The Theis and Moench solutions differ in how the release of water from storage is simulated. Water is supplied from aquifer and water compressibility in the Theis solution, which is defined by a single parameter (S). Fractures and blocks of unfractured matrix provide two sources of water in the Moench solution. The first source is from fractures, which contribute water from aquifer and water compressibility in direct proportion to drawdown as defined by a single storage term (S). The second source of water is from the blocks of unfractured matrix that can release water at highly variable rates because the blocks are simulated as one-dimensional aquifers. The blocks of unfractured matrix are characterized by four parameters; slab thickness (2b'), (b' in table 2), fracture skin (Sf), matrix hydraulic conductivity (K'), and matrix specific storage (Ss') (fig. 4). The fracture network also can be conceptualized as spheres instead of slabs in the Moench solution where 2b' defines sphere diameter instead of slab thickness.


Schematic diagrams of Theis and Moench aquifers
Figure 4. Schematic diagrams of Theis and Moench aquifers.


The range of hydraulic properties that is expected for matrix blocks or slabs is dependent on how the dual-porosity system is conceptualized.

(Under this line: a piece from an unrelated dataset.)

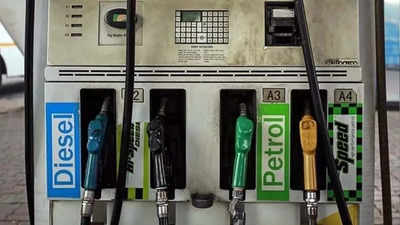 Check petrol and diesel price in Delhi, Mumbai, Chennai, Kolkata and other cities on July 26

Fracture intervals in welded tuffs that are predominantly vertical and recur in intervals of 10 ft or less suggest a spherical approximation of matrix blocks is reasonable. Matrix permeability would be similar to estimates from cores and would have a relatively limited range of expected values if the dual-porosity system were pictured as spheres. Flow logging and packer testing in wells at the Nevada Test Site suggest volcanic interbeds that recur in intervals of 100 to 1,000 ft are the primary permeable zones. This would suggest that the dual-porosity system could be conceptualized as slabs of 100 to 1,000 ft thick. Matrix permeability in the slab conceptualization could be much greater than estimates from cores because the ‘matrix’ also would be fractured, albeit less well connected than the interbeds.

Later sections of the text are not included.